研究会は、渡辺教授の呼びかけで法人化の準備を進める。自治体からは、漢方を取り入れた健康産業の創出に取り組む神奈川県と、漢方薬の製造・普及に取り組む奈良県、富山県が参加する。

3県によると、民間からは、三菱商事やJR東日本、富士通などの企業が参加を検討しており、栽培農家からも問い合わせが寄せられているという。

渡辺教授は研究会の目的を「欧米やアラブ諸国でも漢方薬について関心が高まっており、安心な薬を製造できれば日本の成長につながる」と指摘。「病気になる前に治すという東洋医学を先端医療に取り入れることで、医療費の抑制にもつながる。生薬を耕作放棄地で栽培するなどして中山間地の活性化にも役立てたい」と述べた。
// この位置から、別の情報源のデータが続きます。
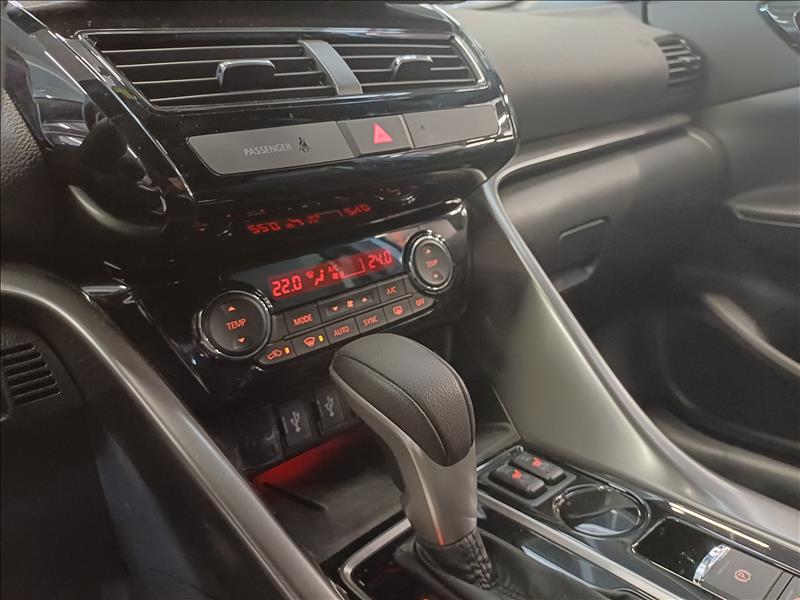 Mitsubishi-ECLIPSE CROSS-1.5 Mivec Turbo Tarmac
奈良県では、すでに「漢方のメッカ推進プロジェクト」を始動させ、生薬の生産や漢方薬の効果の検証、薬の製造、販路拡大に取り組んでいる。奈良の生薬「大和当帰(とうき)」の品種改良や、生薬栽培に向けた人材育成なども進めている。

東京都内で会見した荒井正吾知事は「奈良は漢方薬の製造、販売はまだこれからだが、奈良だけでは手に負えないこともあり、研究会を通じてマーケティングにつなげていきたい」と述べた。